The chance videotaping of a boot-camp foster home staffer slamming a 16-year-old to the ground and pinning him down – because the youth fell asleep in a worship service – has led to the removal of two dozen youths from four Ohio group homes, as well as criminal and licensing investigations.
The girls and boys, ages 13 to 18, were taken on Sept. 11 through 13 from homes operated by Springfield-based Visions for Youth – almost six weeks after the alleged incident on Aug. 2, and six weeks after it was reported to the Clark County (Springfield) Prosecutor’s Office, which was provided with the videotape, according to William Stout, who was conducting the worship service and who turned over the tape.
Police who responded to the scene originally charged the youth who was involved, saying they were told that the boy attacked the staff member, Stout said. Those charges were dropped.
Caught on Tape
The images of the incident were captured by two of several security cameras that are located throughout the Inside-Out community center in Springfield, a former alternative school that includes classrooms, a gym and a library. The library was the setting for the regular Saturday night youth service.
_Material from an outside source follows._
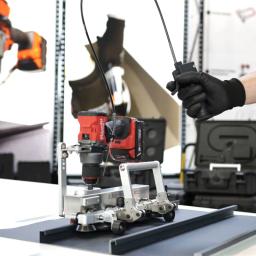 Vodicí lanko pro AKU 0600  -  Obrázek 4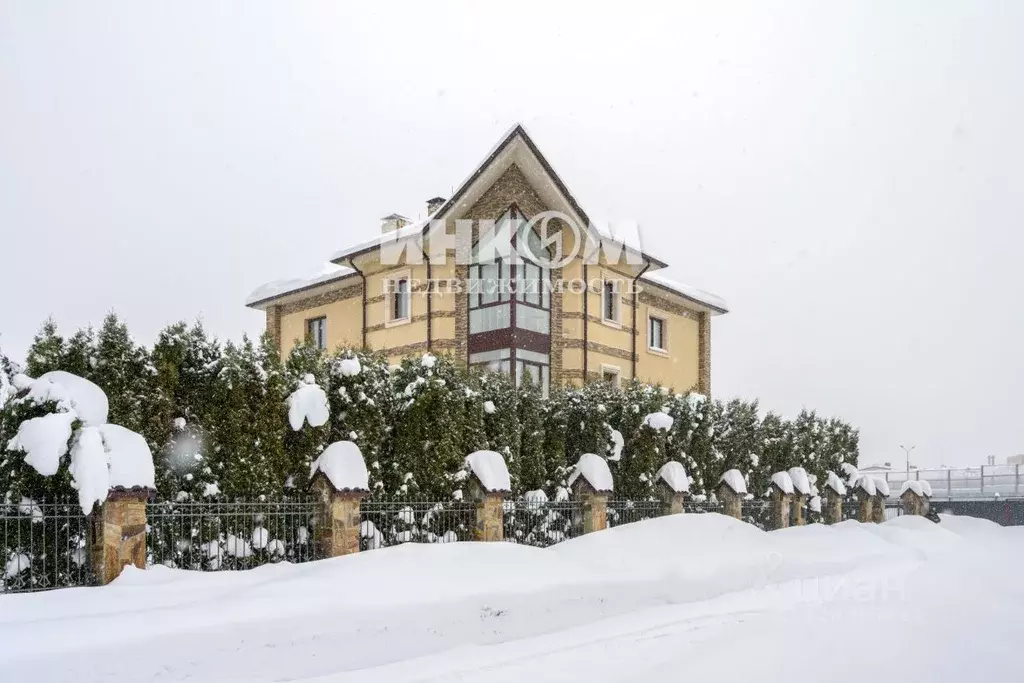 Дом в Москва ул. Рогозининская, 73 (500 м) - Фото 2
The tape shows Stout, who runs Inside-Out, at the lectern speaking to about 60 people. (Click here to view the video).
A large man dressed in a light tee shirt is seen walking behind a person sitting in the last row on the left. Stout said that the man, a Visions for Youth staff member, hit the youth in the throat, awakening him. The video shows the staff member walking toward the camera and apparently out of the room, with the youth, dressed in camouflage, following a short time later.
Brady Webb, a director at Inside Out, said that in their training at Visions for Youth, the foster children are told that if the staff member leaves the room, they should follow.
Next, the video shows the staffer walk into a hallway and wait for someone. The youth arrives, holding a hand to his neck, and the two are seen on the tape (which has no sound) seeming to argue. The staffer gestures in the boy’s face and moves closer and closer to the youth, who tries to back up.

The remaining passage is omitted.